Anyway, there we all were tonight, standing around in the chilly dampness in front of City Hall. Zach Lutz, the UNITE HERE! union organizer said a few words, Cynthia Rodrigues from the Central Labor Council named all the unions that were represented — UNITE HERE, Carpenters, SEIU Local 1199, AFT, UWUA, etc. — and I gave the invocation. But the important speakers, the ones we came to hear, were some of the people who work at Eagle Industries. One woman gave specifics of which parts of the factory have been shut down. Another woman told how she had been fired because she was considered disruptive, because she was helping organize the workers. A couple of them spoke in Spanish, while one of their co-workers translated into English. Everyone cheered them after they spoke, and you could see them stand up a little straighter at that — although I suspect those momentary cheers will be small comfort tomorrow when they’re back at work.

The mayor of New Bedford came out of City Hall, and told the crowd that he has contacted both U.S. senators from our state, and our U.S. representative, and they are all committed to making sure all 330 jobs at the Eagle plant stay in the city; then he left quickly for another event. Suddenly someone noticed that one of the supervisors from Eagle, a woman named Dana, was sitting in a parked car watching the rally, keeping an eye on which workers were in attendance. Someone from one of the other local unions (I think he was from the Carpenter’s Union) started chanting, Shame on Dana! and everyone took up the chant for a moment. A guy beside me muttered disgustedly, That’s where our tax dollars go — what he meant was: The only work that the plant gets is from the Department of Defense and they’re using tax dollars from government defense contracts to pay their managers to spy on their workers.
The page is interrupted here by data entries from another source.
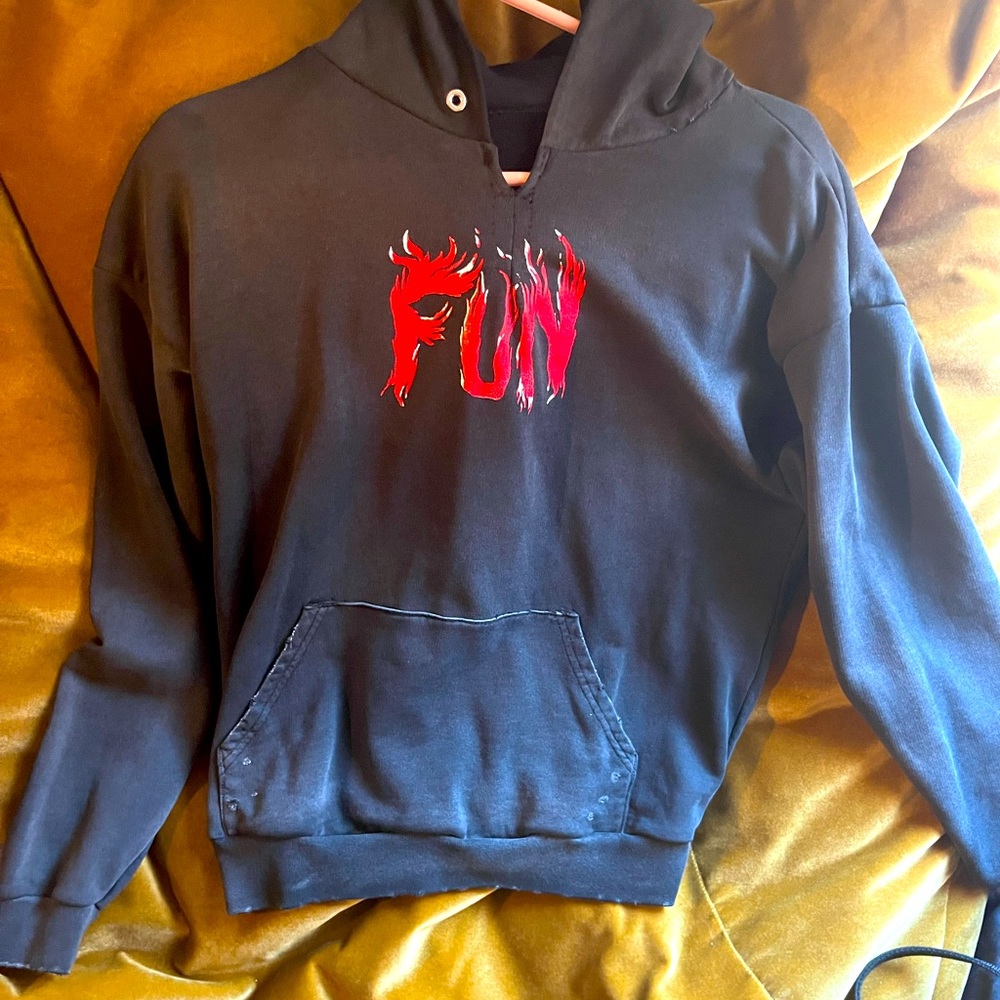 Givenchy “fun” distressed hoodie sweatshirt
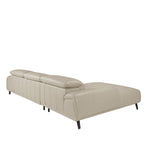 Sofá con chaise longue de piel de vaca en tono taupe de Angel Cerdá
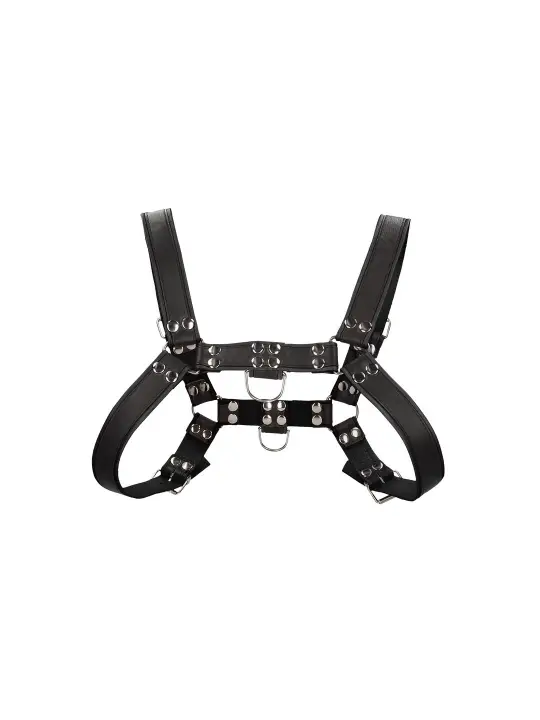 ARNÊS LEATHER BULLDOG HARNESS L/XL PRETO OUCH!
By then it was time to troop upstairs to the Council Chambers. Those who could squeezed in on the main floor, and the rest of us milled around outside the door or slipped upstairs to the balcony. I had to leave early for an event at the church — when I left, everyone was sitting there waiting for the Council meeting to begin, waiting for the city council to resolve to keep jobs in New Bedford, hoping that our city wouldn’t lose another 330 jobs just because the absentee owners of Eagle Industries decide they can get cheaper, more compliant workers at their plant in Puerto Rico.